(AP) – Ukraine’s fired top prosecutor demanded Nov. 22 that the government respect a court ruling to reinstate him to his job.
Ousted Prosecutor General Svytoslav Pyskun said he would go to the presidential administration to insist on his reappointment.
“Selective implementation of court rulings must not exist in Ukraine,” he told reporters.
The court ruled Nov. 18 that Pyskun, who was fired last month by President Viktor Yushchenko for “ineffective work,” should get his job back. The government on Nov. 21 appealed the ruling.
Pyskun accused Yushchenko’s team of putting Ukraine in the awkward position of having two top prosecutors: Pyskun and Oleksandr Medvedko, whose appointment was approved by parliament earlier this month.
“Due to the illegal actions of the presidential administration today, Ukraine has two absolutely legitimate prosecutor generals,” he said.
Yushchenko countered in an interview with The Associated Press on Nov. 22 that the decision to fire a prosecutor general “is fully within the president’s jurisdiction,” alleging that corruption was behind the court ruling.
No one at the Prosecutor-General’s Office could immediately be reached for comment.
Earlier, Yushchenko accused Pyskun of dragging out many important cases, including the 2000 killing of an investigative journalist and the dioxin poisoning that took Yushchenko off the campaign trail for weeks last year.
The reformist opposition leader came to power after mass protests last year over election fraud.

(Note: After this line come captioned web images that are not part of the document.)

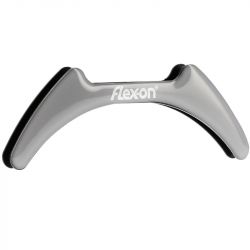 Kit personnalisation étriers Green Composite Flex-On gris - Le Paturon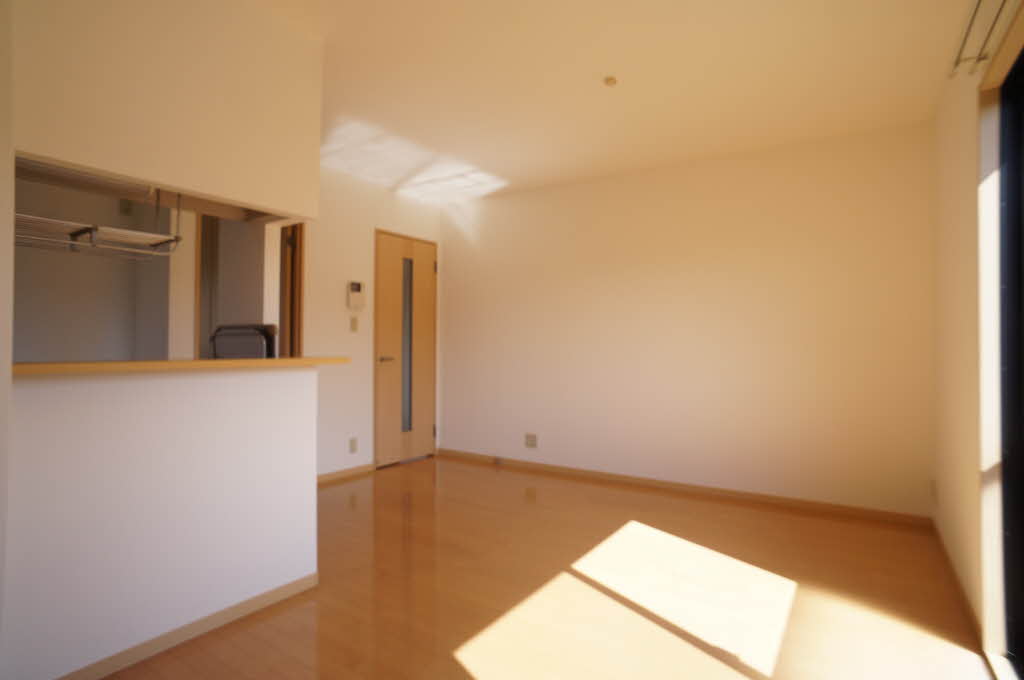 コーポ・関口 A 201号-3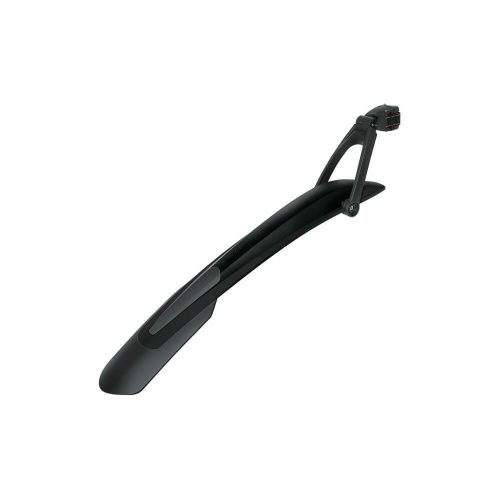 SKS X-Blade 29" 27,5" dark hátsó sárvédő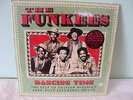 THE FUNKEES-DANCING TIME-AFRO ROCK 1973-77-SOUNDWAY RECORDS-180g-MADE IN ENGLAND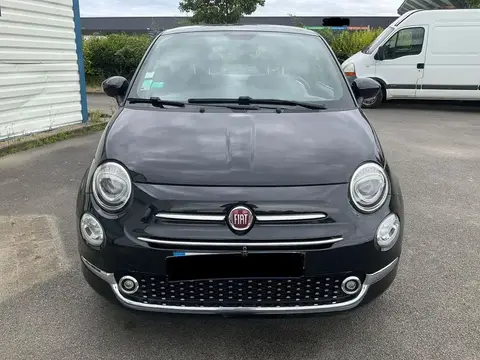 Annonce FIAT 500 Essence 2019 d'occasion 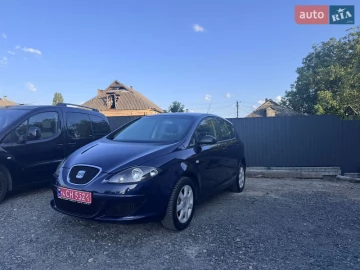 Авто SEAT Altea 2007 № 7770280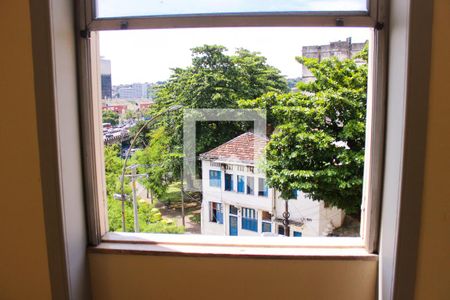 Apartamento à venda com 63m², 2 quartos e sem vagaVista do Quarto 2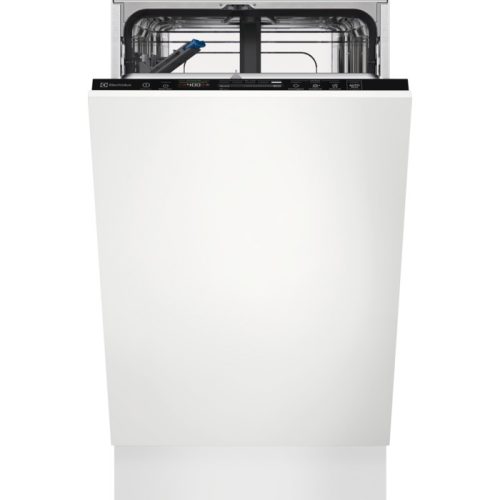 Electrolux EEG62310L Teljesen beépíthető mosogatógép | 45 cm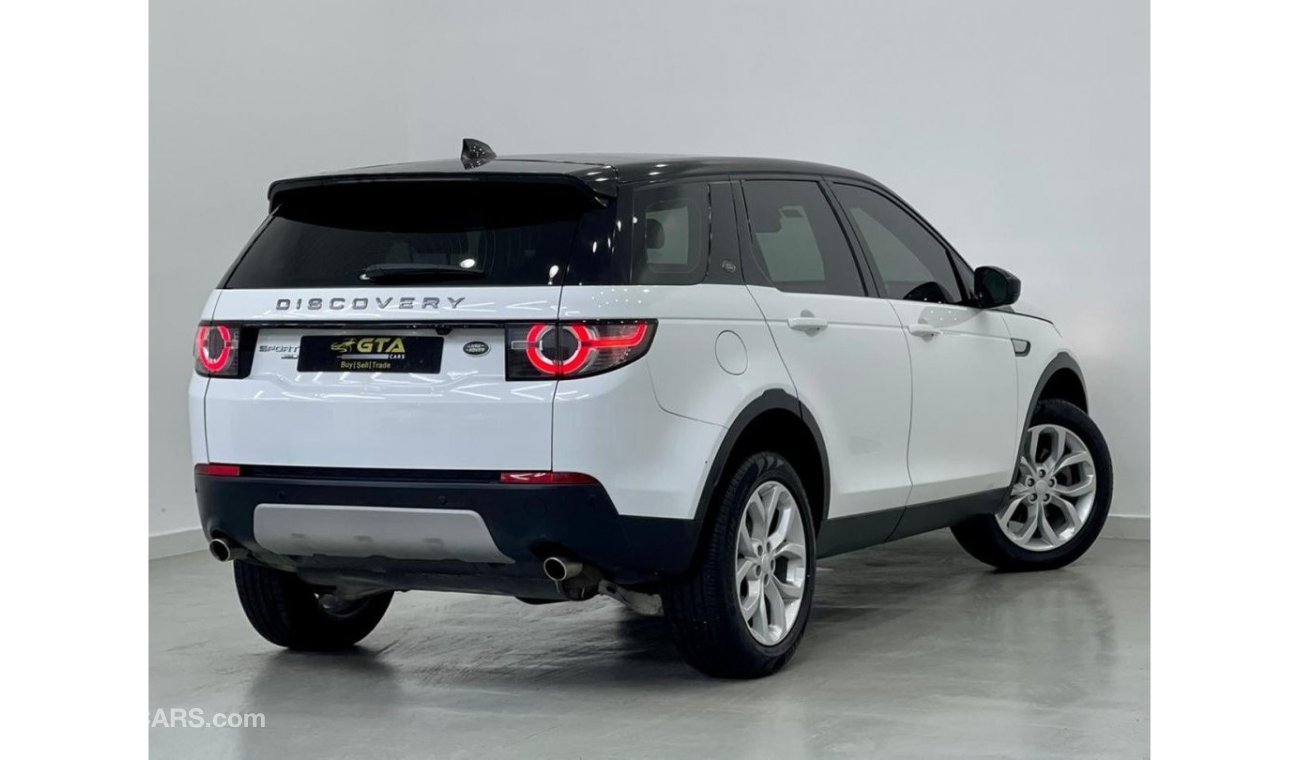 Land Rover Discovery Sport Sold, Similar Cars Wanted, Call now to sell your car 0502923609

The protests became known as the Orange Revolution.
Pyskun called his dismissal politically motivated, and argued that he was fired because he opened a criminal investigation into a close Yushchenko ally – an investigation that was closed immediately after Pyskun’s sacking.
Pyskun was an unpopular figure, and many of Yushchenko’s Orange Revolution supporters criticized the president for not firing him earlier.